The blessing referred to in the promise was Jesus Christ.
Of course, this blessing was not fulfilled in Abraham’s lifetime, nor in any time soon thereafter. This fantastic promise of a future hope was carried forward from generation to generation. Little Hebrew children grew up hearing all about the stories associated with this God-given promise. Little children of Gentile nations did not.
It was fulfilled in the Christmas Story 2,000 years later.
God Keeps His Promises
The covenental promise was documented in the Jewish Torah by Moses who lived 500 years after Abraham. As we now know in reading the Old Testament, the next years and centuries for these chosen people, who were to be the vessel by which all peoples on earth will be blessed, were fraught with ups and downs including fierce chastisement by God for their wayward disobedience to Him over the years.
But God is a faithful and Convenant-keeping God.
It was the hopeful words of the great promise that kept the nation alive. Israel’s Old Testament prophets like Isaiah, Jeremiah, Amos and Micah – kept reminding the people of what God had said, and of what the promise was:
“How beautiful on the mountains are the feet of those who bring good news, who proclaim peace, who bring good tidings, who proclaim salvation, who say to Zion, “Your God reigns!”
Listen! Your watchmen lift up their voices; together they shout for joy. When the Lord returns to Zion, they will see it with their own eyes.
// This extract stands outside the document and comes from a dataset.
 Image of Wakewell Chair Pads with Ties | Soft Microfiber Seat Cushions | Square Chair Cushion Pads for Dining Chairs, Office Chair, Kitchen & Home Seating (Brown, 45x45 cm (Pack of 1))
Burst into songs of joy together, you ruins of Jerusalem, for the Lord has comforted his people, he has redeemed Jerusalem. (Isaiah 52:7-9)
The people used these messages to remind themselves of a future hope in spite of dire circumstances throughout many generations.
400 Years of Silence – and then Christmas
But the prophets then died off and the Jews experienced 400 years of silence from God. The Book of Malachi written in the 5th century BC is the last book in canon of the Old Testament,
Now consider living in and around Jerusalem after those dark and quiet centuries as a young Jewish girl (Mary) betrothed to a young Jewish man (Joseph), or a Jewish priest (Zechariah) and his aging wife (Elizabeth), or even lowly shepherds or exalted wise men from afar. Each of these experience supernatural encounters with the angelic realm and are touched and led by the Holy Spirit of God.
But now a child is born (John). And then another child (Jesus).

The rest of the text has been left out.